NDP tabling suicide prevention bill

'Gay and lesbian youth are at tremendous risk'


NDP MP Megan Leslie is tabling a private member’s bill to call for a national strategy on suicide prevention. Citing the statistics that every year 3,500 Canadians die by suicide, and that it’s the second leading cause of death in the 10 to 24 age group, Leslie feels it’s time to act.

“Suicide is a concern for our communities, but in reality, this is a national issue,” Leslie says. “It’s a reflection of the lack of supports and services for that individual, and understanding of what the underlying factors were in that person’s life.”

The bill would call for national guidelines for best practices, the use of community and culture-based knowledge in prevention, and an assessment of current services.
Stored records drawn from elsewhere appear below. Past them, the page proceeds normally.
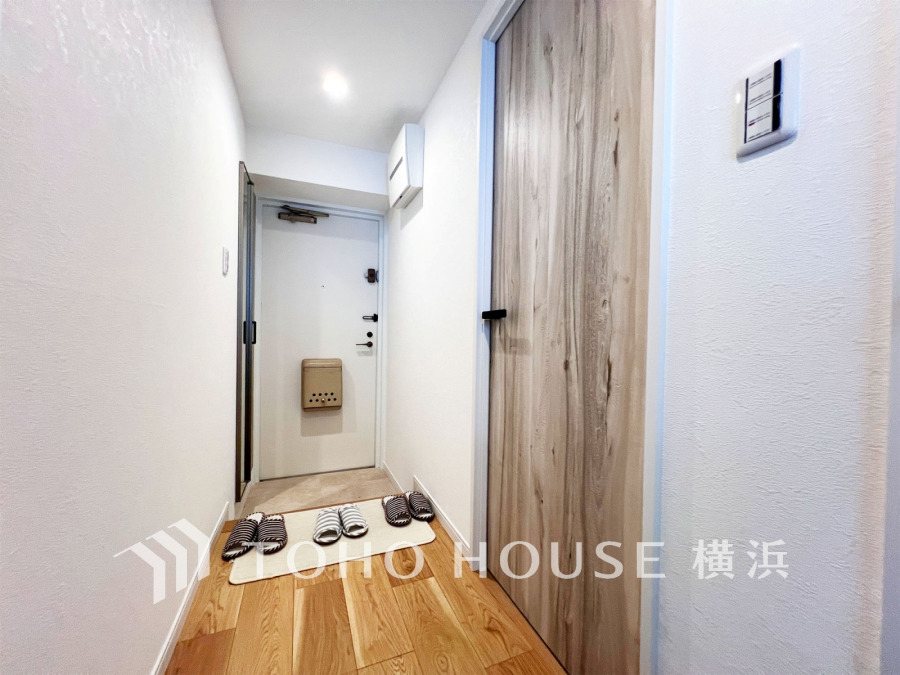 玄関にはトールサイズのシューズボックスを設置。落ち着きのある空間です。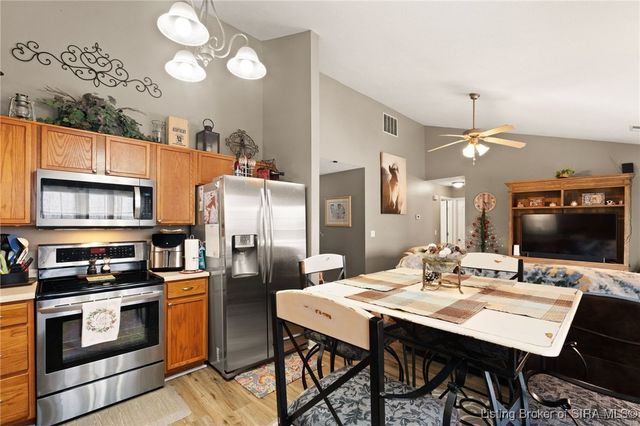 9057 Woodford Drive, Charlestown, IN 47111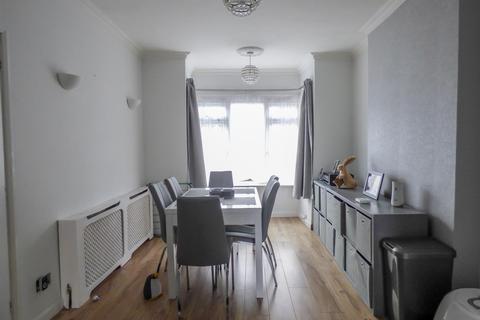 77 Lower Higham Road, Gravesend, DA12 2NQ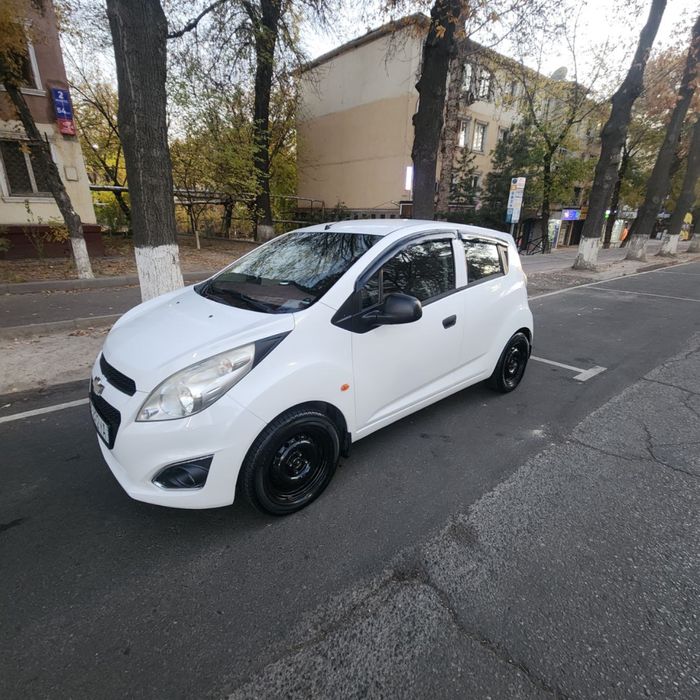 chevralet spark 2011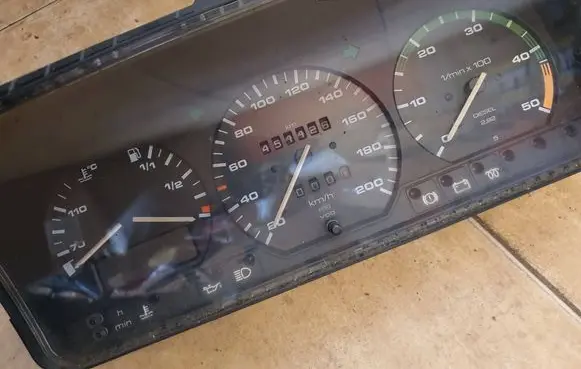 Volkswagen Transporter - Caravelle T4 Speedometer (instrument cluster) 81117657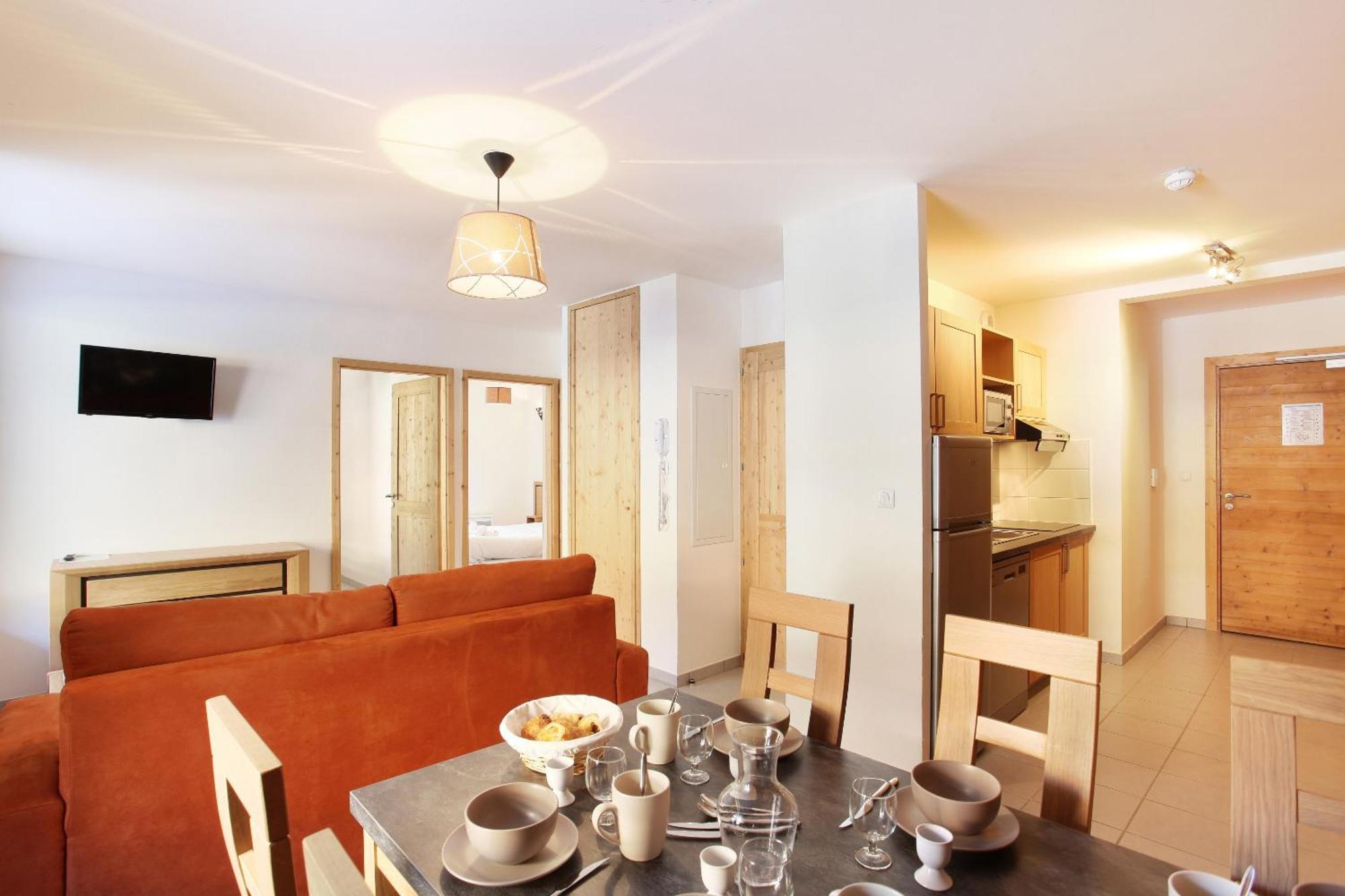 One-Bedroom Apartment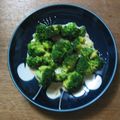 etiennue's cooksnap of when they made ブロッコリーの七味オイマヨ和え.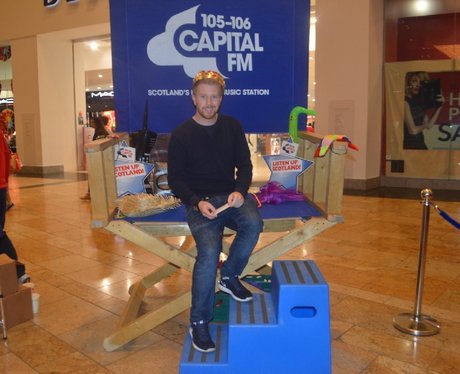 Were you pap'd by the Capital Street Stars?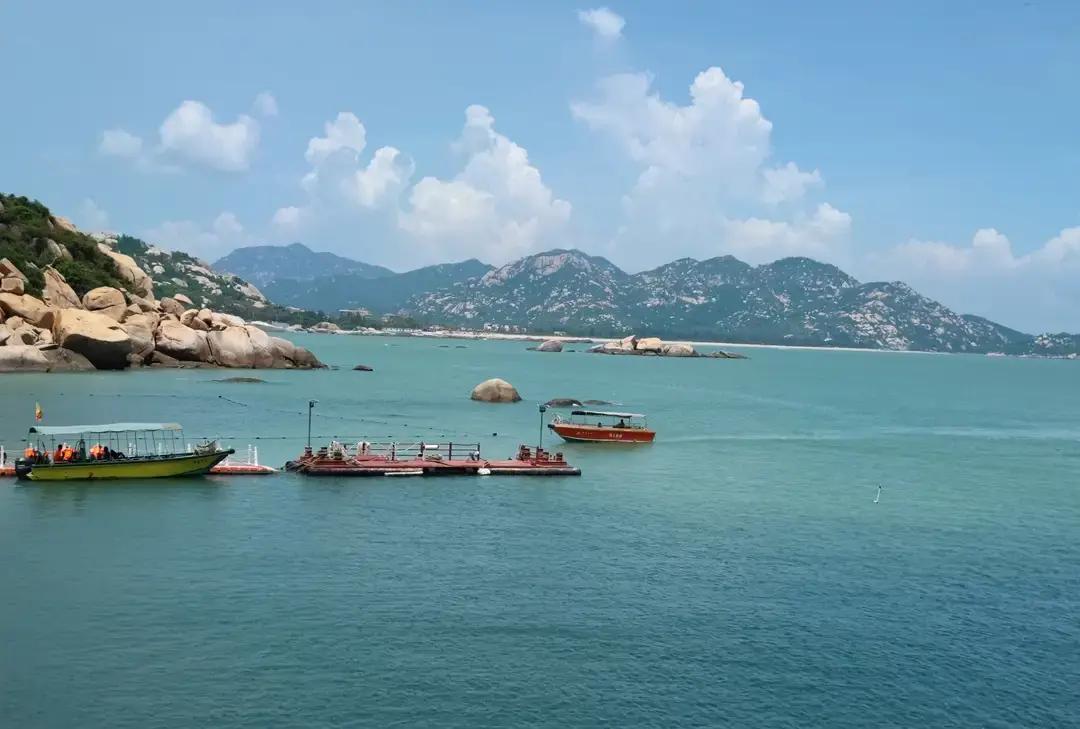 借钱生娃还不肯穿我送的旧衣服，这穷讲究我真看不懂

前阵子妹妹找我开口借五千，说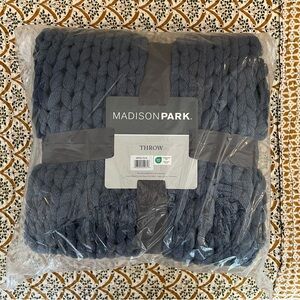 Madison Park Chunky Double Knit Handmade Throw Blanket in Indigo, 50x60”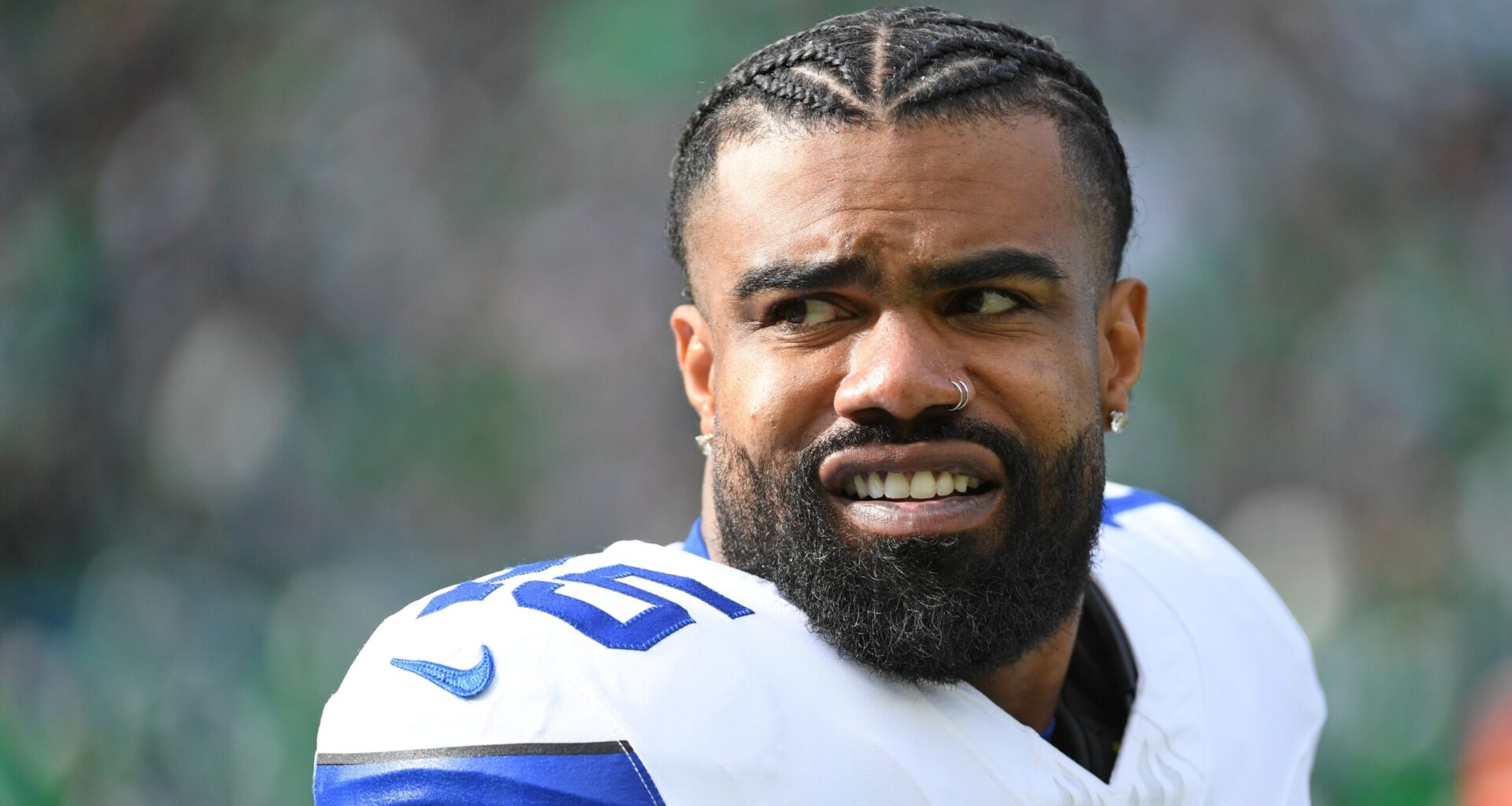 Ezekiel Elliott Faces Tough Competition in Cowboys' NFL Transformation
The issue of queer youth suicide, which has made headlines in North America in recent months, is not lost on those who support the bill.

“Certainly we’ve known for years that gay and lesbian youth are at tremendous risk, and that’s been painfully demonstrated again in the US over the last few months,” says Tim Wall, executive director of the Canadian Association for Suicide Prevention (CASP).

Wall says that CASP developed a suicide prevention strategy about four years ago, and in that strategy they can identify at-risk groups, including queer youth.

“Part of a strategy and part of preventing suicide is also addressing issues of homophobia and ensuring that gay and lesbian youth have the support that they need and can live in environments and cultures that support them for who they are,” Wall says. “Those things are central to an effective strategy.”

“Also, an effective strategy will, in addition to identifying those numbers of individuals who would be in high-risk groups, also need to look at education around the stigma,” says Marion Wright, CEO of the Canadian Mental Health Association.

“If you think of someone who is [queer] as a youth, they’re going to be running into many walls, and if in fact talking about their suicidal thoughts is a barrier because of the stigma, then they are not going to be taking those very necessary actions to preserve their life.”

For Wall, however, there is a personal element to these prevention strategies.

“As a gay man, I certainly remember the pain as a youth, and even having supportive and loving and caring parents, it was difficult, and I remember going to a guidance counsellor – I was struggling,” he says.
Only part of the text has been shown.